# Sharing a disk between *nix systems : who owns the files ?



## Fred (Jun 18, 2009)

Hello,

I recently bought an USB drive, and wanting to share it between my Linux laptop and my BSD desktop, I formatted it as EXT2. However, on my desktop I have userid 1001, on my laptop I have userid 1000. My files that belonged to fred:fred now belong to john:tex ! (Don't ask me why TeX has GID 1001 on Linux. Or why it need a group of its own. That's another issue.)

I fixed it temporarily with a recursive chown, but how can I do on the long run ? I can tell mount to allow user fred to mount the disk with label X, but I didn't see how to tell it that on this disk, userid 1001 is actually fred. Any idea ? Web searches for ownership/permission issue with moveable media only turn up thing about FAT formatted drives, it seems.


----------



## anomie (Jun 18, 2009)

Fred, AFAIK ext2 is going to honor the UIDs/GIDs; I don't know of any clever mount tricks to get around that. So the answer here is to get them in sync between the two OSes.


----------



## SirDice (Jun 18, 2009)

AFAIK there's no real solution to this problem with regard to unix file systems. In this respect NTFS formatted removable media suffers the same problem (FAT doesn't store ownership/permissions).
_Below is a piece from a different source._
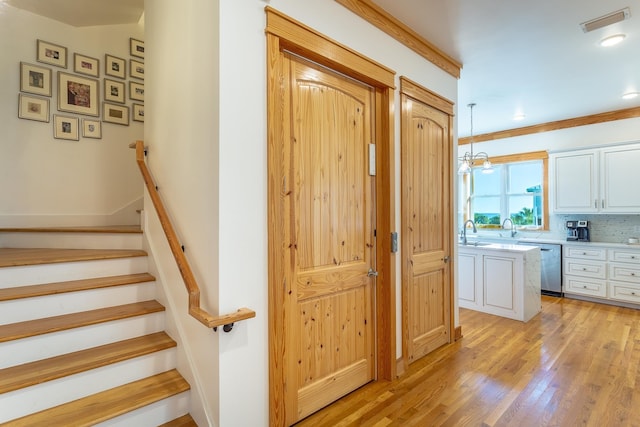 staircase featuring hardwood / wood-style flooring, an inviting chandelier, crown molding, and sink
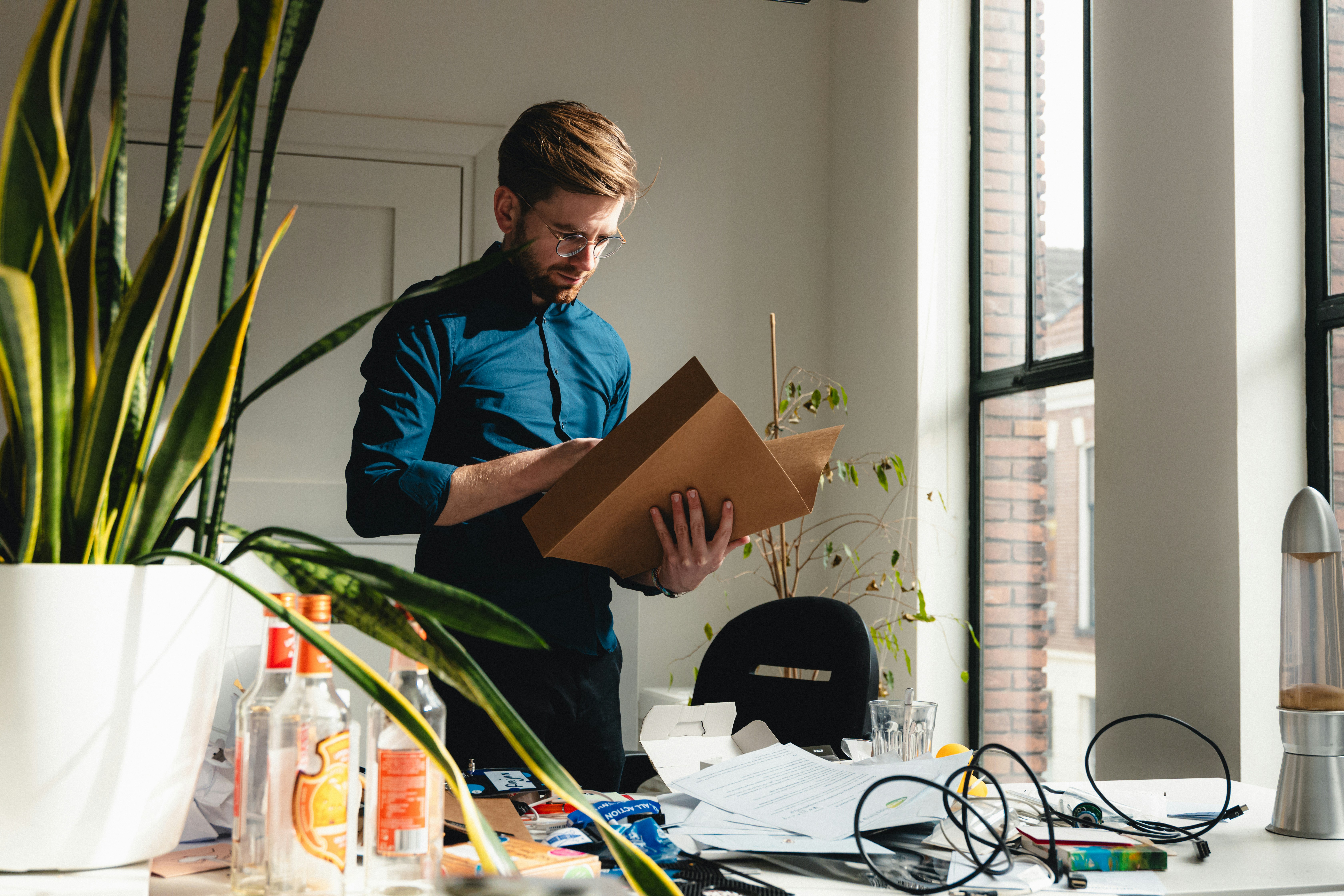 man looking through his files on refinancing mortgage while in chapter 13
On *nix it's slightly "easier" to solve compared to Windows and NTFS. On *nix you can pick a UID/GID so all you have to do is make sure you always have the same UID/GID. On Windows this is impossible because you have no control over the SID.


----------



## vivek (Jun 18, 2009)

The solution is centralized servers for authentication (for e.g. OpenLDAP). Almost all UNIX like operating system can authenticate  against LDAP. Also, roaming directory and profile from file server can keep everything synced for all desktops. Both KDE and Gnome can be configured to keep same profiles (including wallpapers, desktops, folders and so on) on all desktop systems. This is good for university or corporate office. But for home it may not be possible or just overkeep. Or you can use vmware server to deploy everything and enjoy all the benefits of central servers :e


----------



## Fred (Jun 20, 2009)

Hum. The LDAP authentification may be an interesting project, but it is slightly overkill .
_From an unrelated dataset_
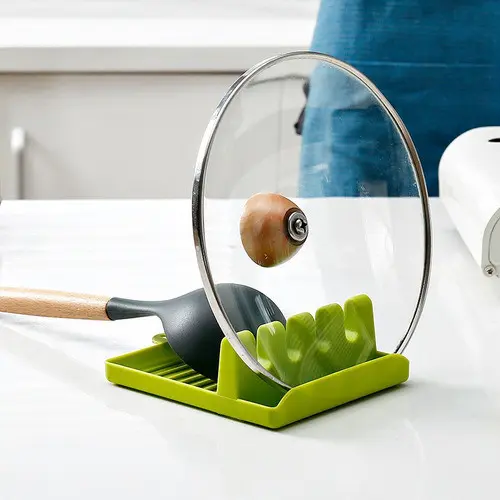 Soporte verde de plástico para cocina con ranuras para organizar tapas de ollas y utensilios, manteniendo la encimera limpia y ordenada.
I guess what I can do is create a group that isn't used by either OS (in the 2000s range ?), put my user in it, then use ACLs in order to have new files being created with this group. I saw that FreeBSD has ACL for UFS, Linux has them for ext, I'll see if they work with FreeBSD in ext2.


----------



## anomie (Jun 20, 2009)

@Fred: If it's an option, how about just formatting your usb drive as msdosfs (from FreeBSD) or as vfat (from Linux)? 

Your idea seems OK, but also sounds like some ongoing effort / maintenance / troubleshooting to me.


----------



## aragon (Jun 27, 2009)

The only problem with FAT is that even FAT32 is limited to files no larger than 4 GB.  I wish we had a simple, permission-less file system that had liberal limits and was open.


----------



## user_not_expert (Jul 3, 2009)

I don't know what its like on BSD, but I've often had this problem on Linux. The family machines can be running anything up to 6 accounts. The problem arises with 'nux when one plugs the usb drive in before switching accounts (even with fat 32). Files are automatically assigned to the first account they are plugged into. Two easy solutions:

1. copy the files off, reassign them, reformat the drive, put the files back, unplug the drive then replug in fred:fred and be sure never to run the drive while john:tex is open.

2. if there is no overriding reason to keep the accounts safe from each other, put them in a shared group and share read/write permissions between the two accounts. If there are overriding reasons, give john:tex a new account with a different name.

I've used both work-arounds, they're clumsy but they do the job.


----------